L’homme, assisté de son avocat, Me Olivier Le Mailloux, a l’origine du recours devant le conseil d’état, réclame juste des papiers d'identité qui ne discriminent pas son identité.
Fier de ses origines, il relate les origines de l’histoire de sa famille dans le spectacle à la cour de Louis XIV, de son grand-père résistant, de son père lors de la guerre d'Algérie, et des grands-parents de sa compagne morts pour la France qui reposent à Verdun…. Inscrit au registre du commerce (RCS), et fier d’être imposable, il s’acquitte des mêmes devoirs que tout français et aimerait bénéficier des mêmes droits ! Il constate à regret une liberté de circuler en Italie par exemple, que dans son propre pays.
L’inscription « Liberté, Égalité, Fraternité » des anciens carnets de circulation pour Roms, ressemblait en effet à un cynique clin d’œil ; et pour l’association France Liberté Voyage, «Le régime du livret si il est moins scandaleux, maintient toutefois un statut spécial pour les gens du voyage».

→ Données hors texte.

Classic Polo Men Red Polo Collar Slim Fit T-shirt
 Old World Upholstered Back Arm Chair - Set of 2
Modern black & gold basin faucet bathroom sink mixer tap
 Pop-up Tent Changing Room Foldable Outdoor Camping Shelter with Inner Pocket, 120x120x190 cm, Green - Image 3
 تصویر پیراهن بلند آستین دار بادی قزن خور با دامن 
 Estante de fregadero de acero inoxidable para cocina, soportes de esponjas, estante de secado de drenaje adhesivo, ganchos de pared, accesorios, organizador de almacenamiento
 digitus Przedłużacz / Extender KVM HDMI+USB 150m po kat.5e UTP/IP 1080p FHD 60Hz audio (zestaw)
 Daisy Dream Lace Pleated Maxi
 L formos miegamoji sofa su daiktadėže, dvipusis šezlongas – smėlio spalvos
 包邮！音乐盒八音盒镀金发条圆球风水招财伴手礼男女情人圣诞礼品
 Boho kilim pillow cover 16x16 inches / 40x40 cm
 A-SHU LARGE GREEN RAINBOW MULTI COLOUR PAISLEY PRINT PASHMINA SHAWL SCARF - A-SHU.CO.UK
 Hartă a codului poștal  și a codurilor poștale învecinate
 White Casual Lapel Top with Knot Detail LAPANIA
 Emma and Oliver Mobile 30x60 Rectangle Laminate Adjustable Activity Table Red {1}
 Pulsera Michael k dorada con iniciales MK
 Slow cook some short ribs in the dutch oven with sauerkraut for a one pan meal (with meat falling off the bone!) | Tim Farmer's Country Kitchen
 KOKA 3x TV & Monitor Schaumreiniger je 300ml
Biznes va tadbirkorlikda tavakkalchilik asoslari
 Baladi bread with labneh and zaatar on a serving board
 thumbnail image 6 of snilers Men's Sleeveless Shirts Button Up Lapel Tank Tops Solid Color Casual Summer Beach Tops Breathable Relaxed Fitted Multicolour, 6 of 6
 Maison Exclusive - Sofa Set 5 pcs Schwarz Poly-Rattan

Peut être, faudrait-il commencer par repenser un statut Roms adapté mais scrupuleux sur le principe d’égalité, pour créer des bases justes, solides et solidaires ?
Préfèrera-t-on, du côté des autorités politiques françaises, laisser les choses se dégrader et voir se multiplier propos et incidents anti Roms ?
Au risque d’enterrer définitivement l’image de la France, pays des droits de l’homme, déjà bien écornée ces dernières années, avec de multiples condamnations internationales dans les domaines des traitements carcéraux, concernant le traitement des étrangers ou encore celui des minorités religieuses …
(1) Tout au long de cet article, l’utilisation du mot « Roms » désigne l’ensemble des Roms et gens du voyage sans pour autant les amalgamer, ni ignorer les spécificités des Roms étrangers par exemple roumains et bulgares etc.…, ni des gens du voyages de nationalité française. Ici, le terme « Roms » englobe donc, sauf précision supplémentaire, toutes ces communautés ou terminologies (gitans, tziganes, manouches etc. …) dont aucune n’est réellement universelle.